Two weeks ago, a guy from our church shared with me that he was packing up his family, his belongings and leaving Michigan. So, naturally I asked what was prompting the move.

He shared with me that he was leaving to be a missionary.

I was so surprised; I was even a little sad even. I didn’t even know he was in seminary preparing to be a missionary.  What he said next surprised me even more. He said to me that he didn’t go to seminary. He had just been praying and felt the prompting of God to be a missionary. And out of the blue, his company offered him a role with a significant promotion and relocation to China.

After praying some more and talking it over with his family, they’re shipping off. The way he saw it, his company is now paying him to be a missionary. He’s not fundraising, he’s not worrying about where the next meal is coming from. He’s not even worried about his training. Even better, God gave him an office full of employees to minister the gospel to.

His strategy in ministering to people who don’t know Jesus in a foreign country, where he doesn’t speak the language?

He’s going to invite people to dinner and start doing life with them. That’s his missionary strategy! If you’re not familiar with that strategy, it’s called Life Groups. His mission strategy is to go start a Life Group. How amazing is that?

Raise your hand if you feel called to be a missionary? [if people do raise their hands, make sure you invite them to speak with you after service]

If you didn’t raise your hand, I want to change your mind today because we’re all called as missionaries.

[in a silly voice] But Jonathan, aren’t missionaries people who leave their countries to go minister to cannibalistic tribes in the great depths of the jungles? I’m just an automotive engineer with a specialization in sprockets.

In Matthew 28, Jesus gives to his followers a commission:

16 Now the eleven disciples went to Galilee, to the mountain to which Jesus had directed them. 17 And when they saw him they worshiped him, but some doubted. 18 And Jesus came and said to them, “All authority in heaven and on earth has been given to me. 19 Go therefore and make disciples of all nations, baptizing them in the name of the Father and of the Son and of the Holy Spirit, 20 teaching them to observe all that I have commanded you. And behold, I am with you always, to the end of the age.” (Matthew 28:16-20 ESV)

This COmission, the duty or task given to Jesus’ disciples is to go and make disciples in the name of the father, son, and holy spirit.

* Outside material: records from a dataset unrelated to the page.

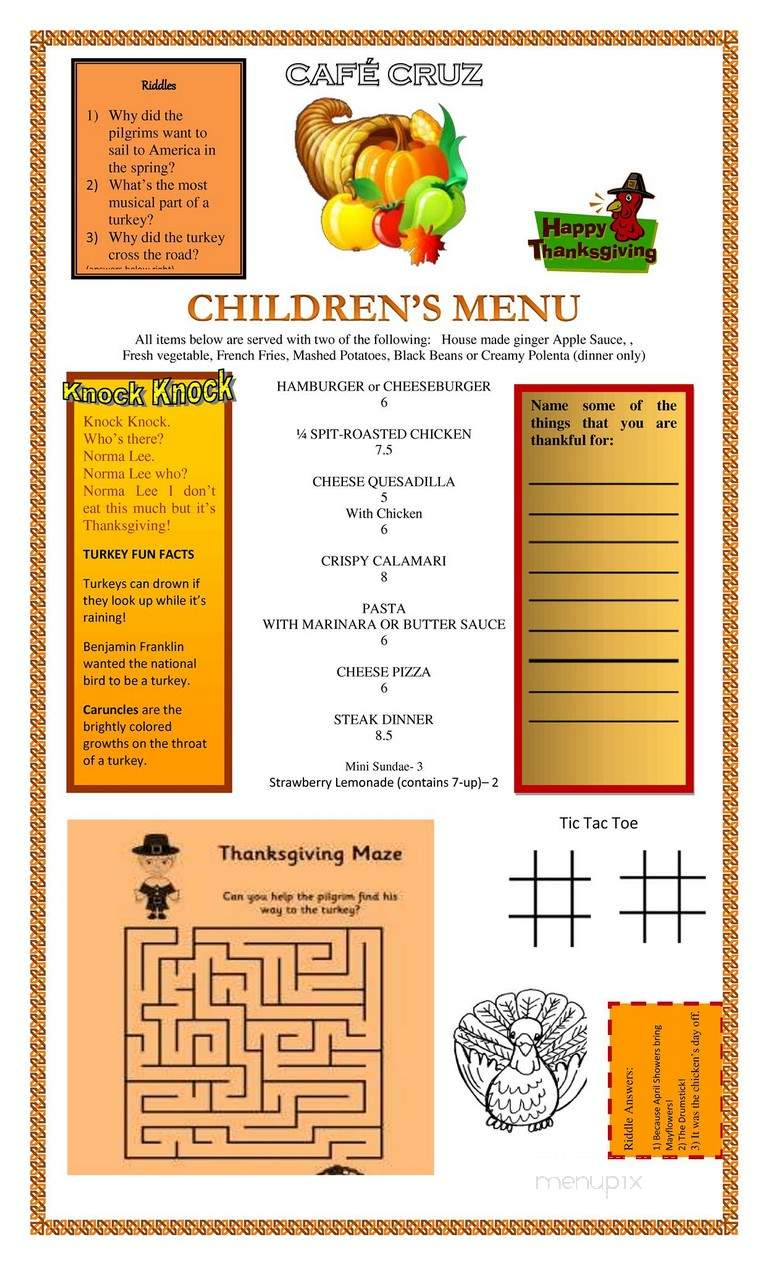 Cafe Cruz - Soquel, CA menu_pic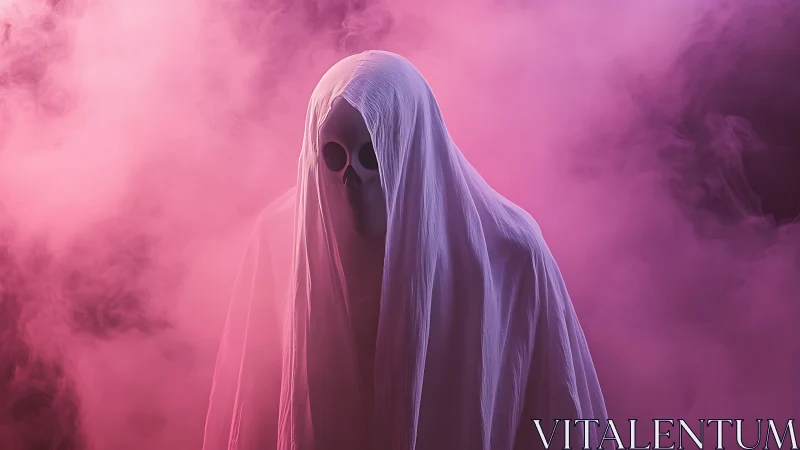Ghostly figure in white sheet surrounded by pink fog.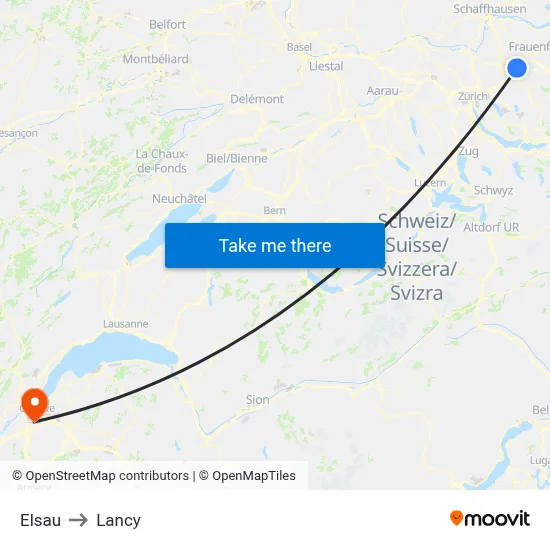 Elsau to Lancy map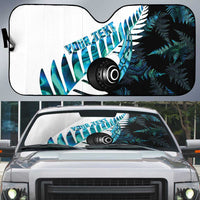 New Zealand Lawn Bowls Custom Auto Sun Shade Aotearoa Silver Fern Paua Shell - Polynesian Pride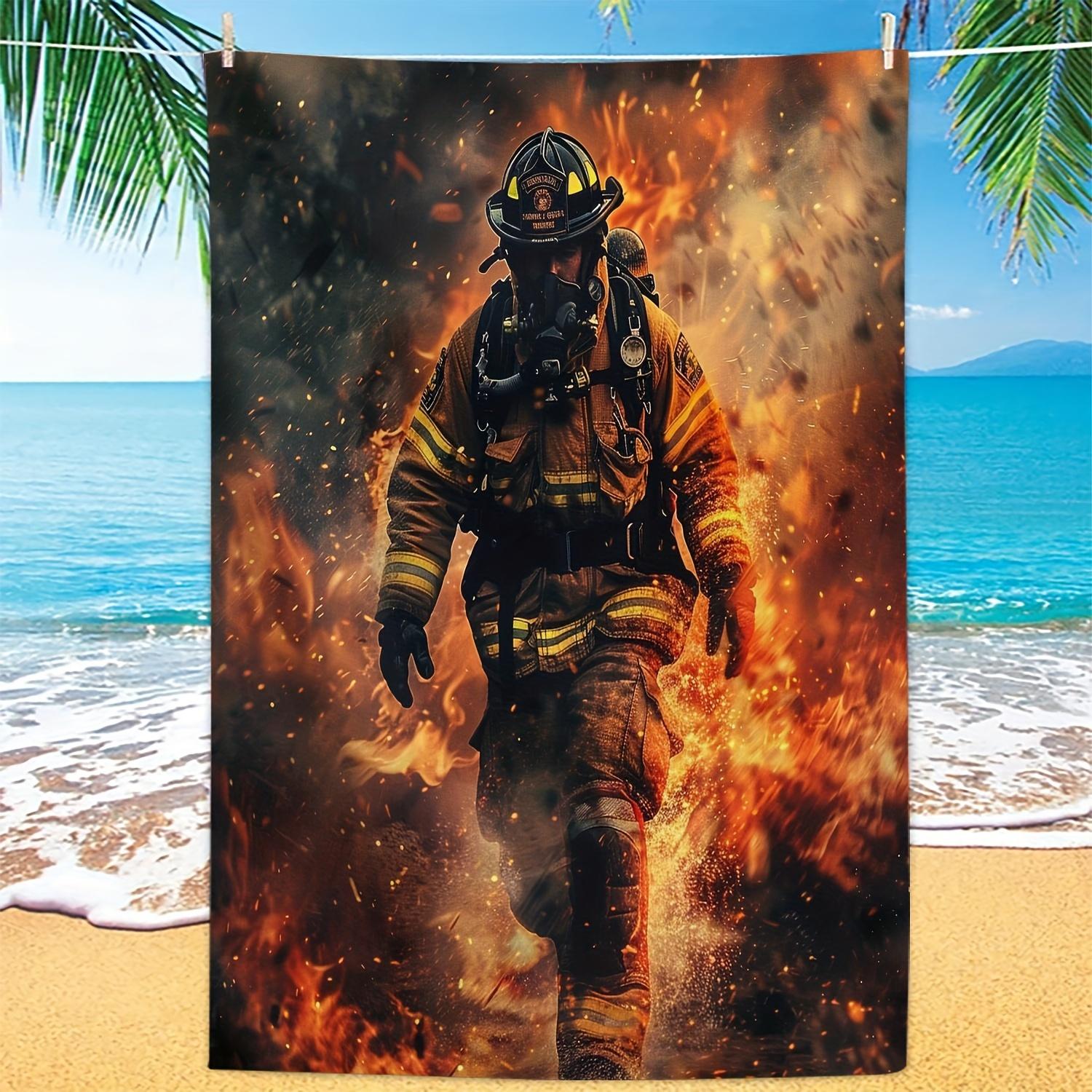 

Handsome Firefighter Pattern Beach Towel Microfiber Quick Dry Sand Free Bath Towel for Summer Swimming Pool Travel Shower W30*H60(CM)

Jesus didn’t say we needed to stop and do some formal training. He didn’t say this was reserved for only people with fantastic people.  This is for everybody, even if you doubt your faith sometimes and only hesitantly show up to church and to your own faith.

Your purpose in life is the mission you have as a follower of Jesus: to make disciples that follow Jesus. You have everything you need for that end. It doesn’t matter where you are, what you do because:

Big Idea: God Demonstrates His Power So We Can Be Faithful to Our Purpose

This season we’re entering, you can call it

  • the school year,
  • the fall,
  • football season,
  • whatever you want to call it,

is going to be rife with people who are far from God. Like yesterday, I was watching the Notre Dame vs OSU game with those heathen from Ohio State that desperately need Jesus so we need to be ready to turn on a dime and be missionaries to them.

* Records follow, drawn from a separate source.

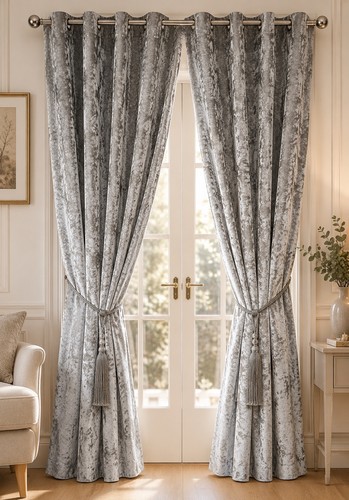 Silver grey velvet eyelet - velvet,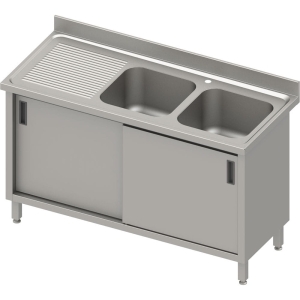 stół ze zlewem 2-kom.(P),drzwi suwane 1800x600x850 mm, blat tłoczony,rant puszkowy 100x15x10 Stalgast 984656180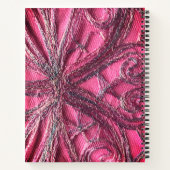 Monogramm Name Rosa elegante Blumenrizierung Notizblock (Rückseite)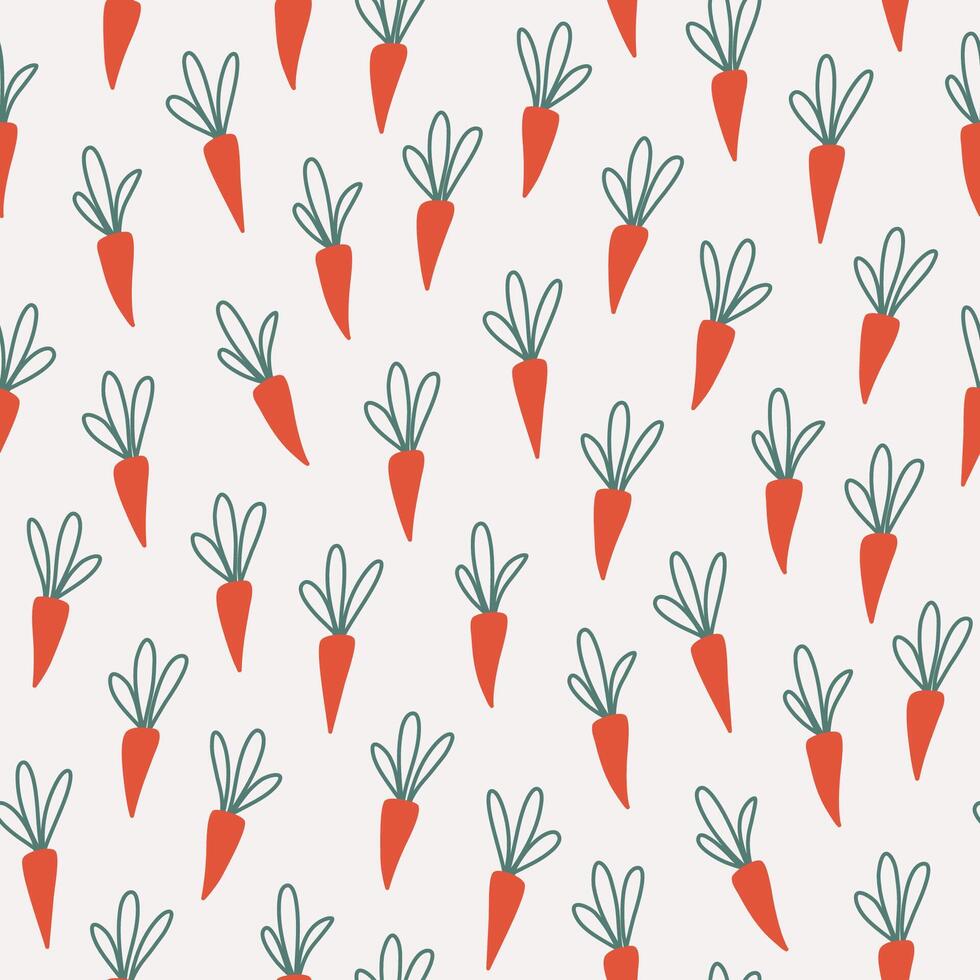 Happy Easter print with carrot. Harvest festival minimalistic plant background. Cute vegetable seamless pattern design for baby nursery, card, textile. Hand drawn illustration. vector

Let’s go to Daniel 6. Many of you are may be familiar with this story but have a hard time figuring out how it applies to us today.

Here’s how that applies to us: If you’re afraid of the woke mob influencing your kids the wrong way or messing up the comfortable set up you got going on, then stop being afraid and repent because God is demonstrating his power in our lives right now so we can testify about our God to a broken society.

You see, the more I read this chapter, the more confirmation I have that this passage is for us now because what’s happening in Persia during the 6th century BC is happening in our country right now. In fact, this story is one of the most detailed accounts of social engineering in ancient history.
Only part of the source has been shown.